Che al sud non sarebbe arrivato l’avevamo scritto in modo chiarissimo la scorsa settimana, e infatti nelle Regioni meridionali continua ancora a splendere il sole e fa anche caldo, pur senza i picchi estremi dei giorni scorsi. La scorsa settimana, infatti, s’è conclusa con anomalie termiche positive davvero notevoli, specie nell’Europa merdionale (vedi mappa NOAA a corredo dell’articolo) Ma al centro/nord i fenomeni meteo sono stati anche violenti, con numerose “bombe d’acqua” e tanti fenomeni vorticosi. Almeno 4 tornado hanno colpito i litorali di Liguria, Lazio e Abruzzo (vedi foto in coda all’articolo, o anche le immagini pubblicate nei nostri articoli di ieri con le foto e i video dei fenomeni vorticosi) ma anche nell’alto Adriatico ci sono stati venti superiori ai 100km/h, senza dimenticare quanto successo a Verbania e dintorni sabato sera. Lì sono caduti quasi 100mm di pioggia, ma ha piovuto di più nell’alta Toscana con picchi di 150mm.
Anche al nord/est ci sono stati forti temporali con grandinate e colpi di vento. Le piogge non sono state estese e diffuse, ma localizzate ed estreme, proprio come previsto: non s’è trattato di una compatta burrasca autunnale, ma di fenomeni d’instabilità provocati dai primi spifferi freschi provenienti da nord.
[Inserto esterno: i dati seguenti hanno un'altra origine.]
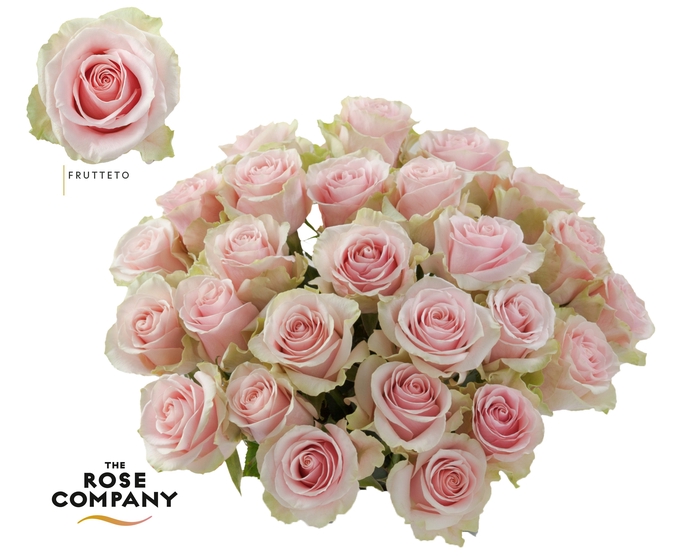 <h4>Rosa a grande fleur Frutteto</h4>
Sarà molto più intensa ed estesa la perturbazione che arriverà nel prossimo weekend, tra venerdì 31 agosto e lunedì 3 settembre, quando diremo addio all’estate con l’arrivo del primo peggioramento tipicamente autunnale della stagione, proprio in concomitanza con l’inizio dell’autunno meteorologico.
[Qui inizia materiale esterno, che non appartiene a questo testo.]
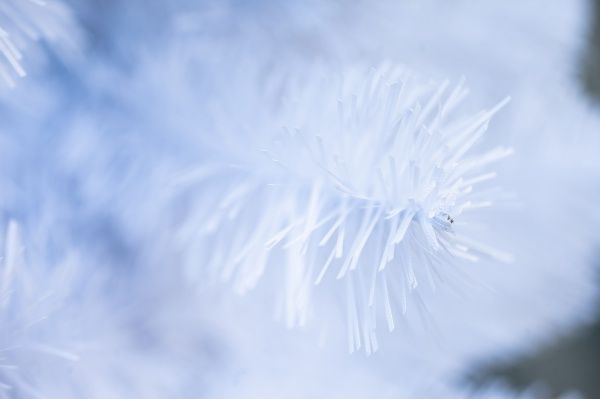 Гирлянда декоративная Маг-2000 белая 24/270 2,7 м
Intanto adesso avremo qualche giorno di tregua: le temperature aumenteranno di qualche grado tra domani, martedì 28 agosto, e giovedì 30, ma non si raggiungeranno valori particolarmente elevati, se non temperature miti, estive ma senza eccesso. Saranno 3-4 giorni di tregua, con cielo sereno o poco nuvoloso in quasi tutt’Italia, ma sulle Alpi non mancheranno dei disturbi temporaleschi che inizieranno ad essere significativi già mercoledì 29 nelle ore pomeridiane.
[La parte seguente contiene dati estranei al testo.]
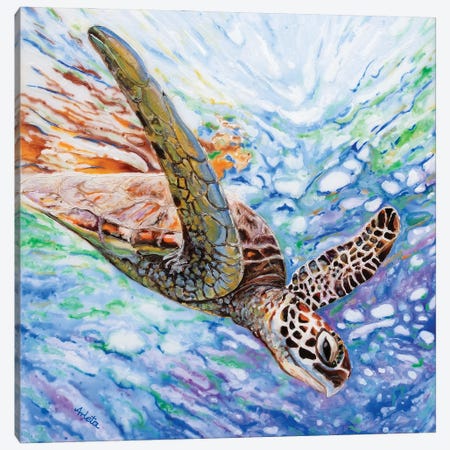 Diving Turtle Canvas Print #ASL11} by Arleta Smolko Canvas Print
Giovedì 30, poi, al nord inizieranno a verificarsi i primi forti temporali nelle ore pomeridiane, soprattutto al nord/ovest, nell’attesa dell’arrivo della perturbazione che venerdì 31 porterà forte maltempo e temperature in picchiata dapprima al nord, poi anche al centro e al sud. Come da tradizione, proprio nelle ultime ore di agosto e nelle prime di settembre l’autunno inizierà a farsi strada sul nostro Paese, e anche alla luce di quanto accaduto nel weekend, possiamo dire che non mancheranno i fenomeni estremi con piogge torrenziali, nubifragi, violenti temporali, grandinate e soprattutto tante tromba d’aria e/o trombe marine, con venti fino a 120/140km/h e diversi tornado un pò come quelli di ieri e avantieri, ma più estesi e diffusi in quanto arriveranno ingenti quantità d’aria fredda, molto fredda, su un suolo e un mare ancora caldissimi.